WORK REQUIRED
From the records below, copy every line that contains the word "Bois".

DATA RECORDS

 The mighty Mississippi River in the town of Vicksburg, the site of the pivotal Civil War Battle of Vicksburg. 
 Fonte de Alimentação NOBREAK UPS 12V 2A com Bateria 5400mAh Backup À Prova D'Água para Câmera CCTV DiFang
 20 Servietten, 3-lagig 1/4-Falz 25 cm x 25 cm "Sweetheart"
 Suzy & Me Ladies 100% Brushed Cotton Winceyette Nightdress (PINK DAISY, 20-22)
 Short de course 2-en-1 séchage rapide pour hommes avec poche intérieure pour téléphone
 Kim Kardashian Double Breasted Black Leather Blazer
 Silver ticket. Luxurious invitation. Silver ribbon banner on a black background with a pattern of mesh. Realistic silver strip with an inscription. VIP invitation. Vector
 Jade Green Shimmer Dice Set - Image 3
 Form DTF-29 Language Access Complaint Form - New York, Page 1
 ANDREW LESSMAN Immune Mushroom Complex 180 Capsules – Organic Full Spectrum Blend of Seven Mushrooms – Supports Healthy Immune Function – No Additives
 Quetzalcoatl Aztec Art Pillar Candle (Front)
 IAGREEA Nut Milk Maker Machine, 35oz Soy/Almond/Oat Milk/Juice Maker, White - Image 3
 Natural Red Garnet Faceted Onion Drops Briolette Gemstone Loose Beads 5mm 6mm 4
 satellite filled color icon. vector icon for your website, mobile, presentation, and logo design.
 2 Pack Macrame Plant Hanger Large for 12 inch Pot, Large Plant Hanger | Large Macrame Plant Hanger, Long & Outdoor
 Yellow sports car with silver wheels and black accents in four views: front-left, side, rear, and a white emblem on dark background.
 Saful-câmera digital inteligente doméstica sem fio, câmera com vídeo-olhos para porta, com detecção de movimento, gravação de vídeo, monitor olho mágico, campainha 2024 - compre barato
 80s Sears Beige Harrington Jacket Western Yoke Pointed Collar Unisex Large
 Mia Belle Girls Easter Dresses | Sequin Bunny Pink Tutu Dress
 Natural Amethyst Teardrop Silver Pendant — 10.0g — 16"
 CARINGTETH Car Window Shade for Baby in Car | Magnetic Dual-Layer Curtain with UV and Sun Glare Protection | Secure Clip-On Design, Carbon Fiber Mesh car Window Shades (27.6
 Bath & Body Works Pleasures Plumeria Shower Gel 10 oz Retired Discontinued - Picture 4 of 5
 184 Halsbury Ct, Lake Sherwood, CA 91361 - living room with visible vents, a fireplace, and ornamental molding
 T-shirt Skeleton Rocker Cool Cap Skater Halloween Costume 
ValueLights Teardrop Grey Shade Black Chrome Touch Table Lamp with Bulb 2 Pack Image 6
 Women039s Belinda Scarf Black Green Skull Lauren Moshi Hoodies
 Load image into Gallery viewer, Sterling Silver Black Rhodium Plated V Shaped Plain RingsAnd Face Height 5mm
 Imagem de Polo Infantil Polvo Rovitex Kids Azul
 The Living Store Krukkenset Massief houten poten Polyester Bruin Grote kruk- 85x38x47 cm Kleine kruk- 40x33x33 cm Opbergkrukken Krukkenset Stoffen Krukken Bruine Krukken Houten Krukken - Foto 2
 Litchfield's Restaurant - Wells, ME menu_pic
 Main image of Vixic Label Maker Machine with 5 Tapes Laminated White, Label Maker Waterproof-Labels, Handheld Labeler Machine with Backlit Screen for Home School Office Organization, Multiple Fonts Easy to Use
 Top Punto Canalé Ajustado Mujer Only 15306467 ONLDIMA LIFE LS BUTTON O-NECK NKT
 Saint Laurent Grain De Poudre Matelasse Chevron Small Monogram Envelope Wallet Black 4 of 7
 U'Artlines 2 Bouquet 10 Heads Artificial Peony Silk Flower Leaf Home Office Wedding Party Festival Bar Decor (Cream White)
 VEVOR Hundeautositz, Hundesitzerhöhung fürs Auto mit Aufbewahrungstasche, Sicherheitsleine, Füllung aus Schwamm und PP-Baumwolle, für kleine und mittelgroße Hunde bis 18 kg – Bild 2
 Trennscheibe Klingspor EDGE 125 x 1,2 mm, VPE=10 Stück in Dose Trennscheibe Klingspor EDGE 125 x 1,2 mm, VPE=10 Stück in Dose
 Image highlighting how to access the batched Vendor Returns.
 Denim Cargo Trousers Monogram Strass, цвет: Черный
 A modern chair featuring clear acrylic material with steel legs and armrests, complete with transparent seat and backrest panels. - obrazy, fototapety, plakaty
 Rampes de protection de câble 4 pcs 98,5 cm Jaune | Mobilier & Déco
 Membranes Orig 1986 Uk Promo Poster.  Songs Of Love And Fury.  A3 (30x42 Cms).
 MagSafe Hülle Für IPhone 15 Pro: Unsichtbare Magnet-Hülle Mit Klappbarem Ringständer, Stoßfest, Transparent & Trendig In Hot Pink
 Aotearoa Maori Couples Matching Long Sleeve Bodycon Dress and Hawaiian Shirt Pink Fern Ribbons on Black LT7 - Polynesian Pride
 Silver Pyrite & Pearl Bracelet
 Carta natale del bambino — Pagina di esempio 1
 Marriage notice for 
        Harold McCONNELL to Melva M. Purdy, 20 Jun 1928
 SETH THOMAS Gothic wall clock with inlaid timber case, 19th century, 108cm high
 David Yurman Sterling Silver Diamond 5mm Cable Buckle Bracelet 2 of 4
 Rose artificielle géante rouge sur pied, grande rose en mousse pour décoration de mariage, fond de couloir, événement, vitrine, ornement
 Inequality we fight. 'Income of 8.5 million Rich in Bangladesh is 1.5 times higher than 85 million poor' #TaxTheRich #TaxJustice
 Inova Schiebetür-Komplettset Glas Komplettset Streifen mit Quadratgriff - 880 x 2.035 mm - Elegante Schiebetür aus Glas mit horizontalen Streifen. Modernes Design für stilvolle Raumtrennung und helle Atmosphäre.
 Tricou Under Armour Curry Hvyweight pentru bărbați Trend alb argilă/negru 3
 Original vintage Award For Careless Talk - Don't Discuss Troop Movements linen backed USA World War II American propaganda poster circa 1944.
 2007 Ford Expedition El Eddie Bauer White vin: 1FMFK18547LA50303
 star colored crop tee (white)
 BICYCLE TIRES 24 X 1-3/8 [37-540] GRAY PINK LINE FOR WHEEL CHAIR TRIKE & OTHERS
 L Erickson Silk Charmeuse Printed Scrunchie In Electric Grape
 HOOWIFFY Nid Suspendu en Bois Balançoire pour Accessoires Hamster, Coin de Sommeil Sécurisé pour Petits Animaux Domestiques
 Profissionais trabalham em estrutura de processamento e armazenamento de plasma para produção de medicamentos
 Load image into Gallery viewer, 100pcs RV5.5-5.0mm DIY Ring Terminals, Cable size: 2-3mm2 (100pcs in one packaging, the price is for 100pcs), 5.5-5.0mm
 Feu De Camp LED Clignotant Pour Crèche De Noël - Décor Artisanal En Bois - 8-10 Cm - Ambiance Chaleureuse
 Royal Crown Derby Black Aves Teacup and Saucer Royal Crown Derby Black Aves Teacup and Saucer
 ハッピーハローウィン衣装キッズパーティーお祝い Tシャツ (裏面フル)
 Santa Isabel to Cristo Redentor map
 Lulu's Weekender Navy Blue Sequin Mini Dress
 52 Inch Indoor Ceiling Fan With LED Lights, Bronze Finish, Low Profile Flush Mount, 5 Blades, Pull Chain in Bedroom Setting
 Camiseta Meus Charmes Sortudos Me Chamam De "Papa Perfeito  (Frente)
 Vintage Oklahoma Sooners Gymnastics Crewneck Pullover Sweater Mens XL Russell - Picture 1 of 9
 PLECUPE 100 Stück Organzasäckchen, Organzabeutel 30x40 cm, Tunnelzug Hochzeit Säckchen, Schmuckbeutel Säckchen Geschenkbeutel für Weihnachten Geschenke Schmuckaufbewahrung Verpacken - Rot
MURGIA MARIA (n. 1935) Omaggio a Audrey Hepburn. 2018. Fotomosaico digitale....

RESPONSE
 HOOWIFFY Nid Suspendu en Bois Balançoire pour Accessoires Hamster, Coin de Sommeil Sécurisé pour Petits Animaux Domestiques
 Feu De Camp LED Clignotant Pour Crèche De Noël - Décor Artisanal En Bois - 8-10 Cm - Ambiance Chaleureuse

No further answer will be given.